For instance, Alive Chapel used to occupy the Orion cinema till it moved out and, unfortunately, squatters took over. Orbit cinema is currently the home of Kaneshie market; Rex cinema is presently home to a chain of shops; Regal cinema on the Osu-La road was sometime ago converted into a church but is now the home of a trading enterprise owned by a company that deals in curtains. Churches springing up occupy some of them. That’s the end of the once- vibrant cinema experience.
Attempts at resuscitation
Mr Dodoo, once the caretaker of Regal cinema at Adabraka, tells me that he has made some effort towards technological advancement in the cinema arena, but his major problem has been low patronage.
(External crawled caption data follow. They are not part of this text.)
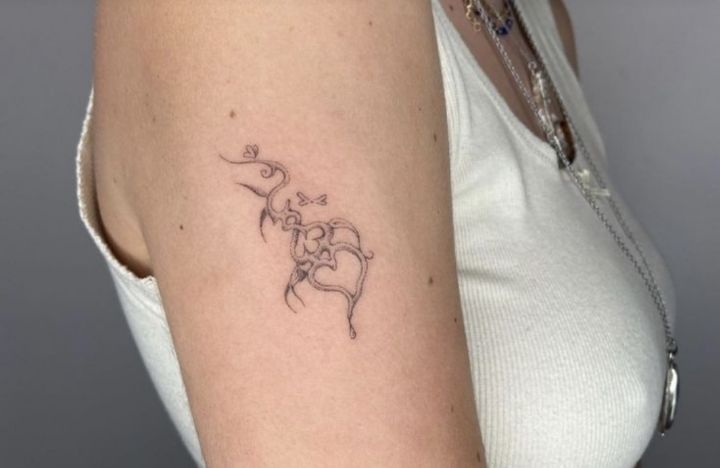 바늘로 한땀 한땀 찔러넣는 핸드포크 타투 | 인스티즈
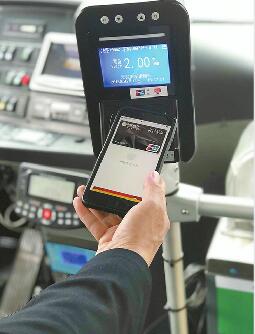 济南人出行更方便了！刷银行卡、手机、二维码均能乘公交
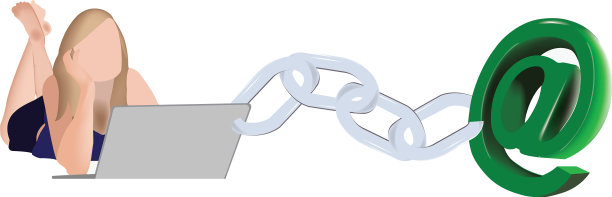 女孩在电脑上上网图片下载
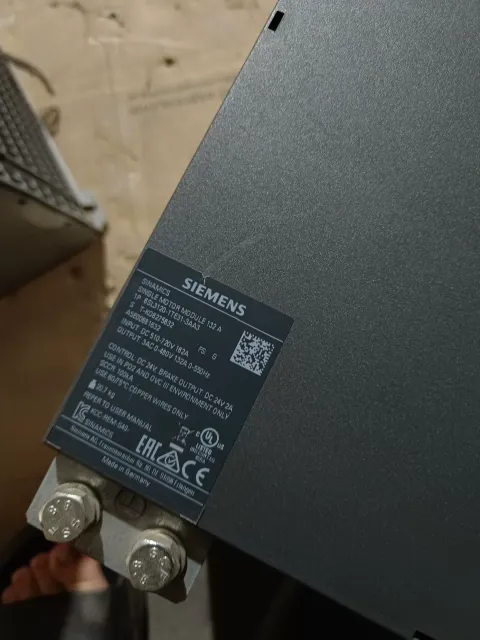 Siemens 6SL3120-1TE31-3AA3 Motor & Drive Component — product photo 21 of 38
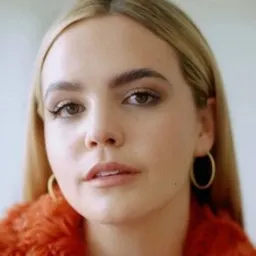 Bailee Madison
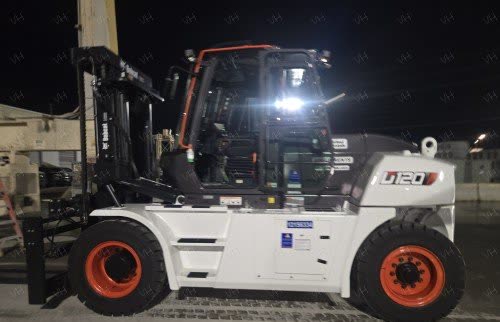2025 Bobcat D120S-7 FORKLIFT WHSE 25000-30000# PNEUMATIC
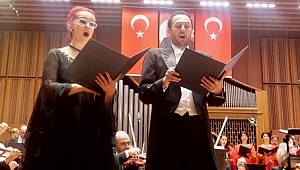 Afife Jale ve Nazım Hikmet'le kutlanan 81. yıl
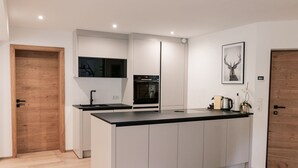 Coffee/tea maker, fridge, microwave, oven - Holari Apartment nearby Seefeld (Reith bei Seefeld)
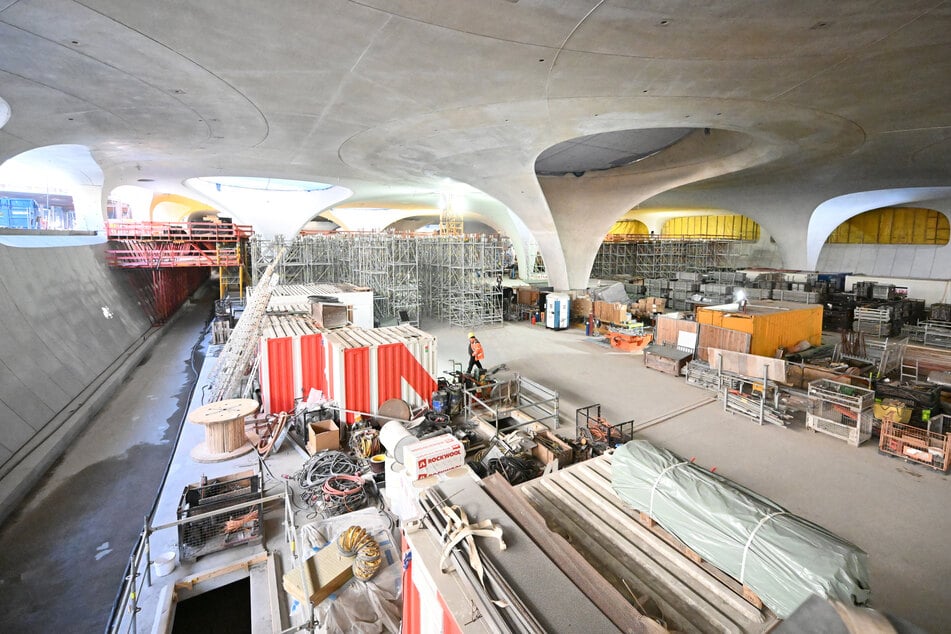 Im Jahr 2010 wurde mit dem Bau des Großprojekts begonnen. Seither verschiebt sich die Inbetriebnahme nach hinten.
‘The sound here has been upgraded with the help of my sons, but the problem is that the cinema is an open space and it is not convenient when it rains. Also, the seats are still wooden and most of them have been destroyed as a result of exposure to the sun and rains,’ he further explained.
‘Part of the once-vibrant cinema has been sold to be used as a restaurant. I have complained to the Ministry of Tourism and have written to them for assistance and the response I keep getting is that the cinema is not doing well enough to justify pumping much money into it,’ he reiterated.
Mr Dodoo says he is doing his best. To make the place a little exciting, he rents it out for stage plays and comedies and charges as low as GH?1.00. He admits it is low, but is meant to attract many to enjoy the old cinema experience.
The 76-year-old man gladly agreed in my interview to take charge of the old facility because he was once a beneficiary of the old cinema experience and he felt sad that the cinema is not what it used to be. He called for private entities to come to the aid of the Regal cinema.
Lest we forget, the GAMA Films Theatre, another cinema operated by GAMA Films, was also vibrant till it collapsed. The reason? I can’t tell. It is refreshing to know that after a while, I saw adverts run on TV3 about GAMA Films Theatre bouncing back as the “new” executive theatre. The advert suggested that the new executive theatre was open to people who want to premier their movies.
I recall going for a movie premier there about a year ago. My remarks? For the fact that it cannot accommodate a large audience, it’s all right for a cinema. So at least we can be grateful for the new executive cinema in addition to Sid Theatre and Roxy cinema.
Technology sets in
My research also pointed to the fact that the sale of VHS, which hitherto was a prerogative of the rich, boomed in Ghana thanks to our Nigerian counterparts. Many Ghanaians at the time purchased video decks and colour television sets from their trips to Nigeria, all in a bid to enjoy the VHS experience. There was no real need anymore to patronize the cinema houses, with the introduction of the VHS and the video deck as one could watch whatever one desired to watch in the privacy of one’s own home.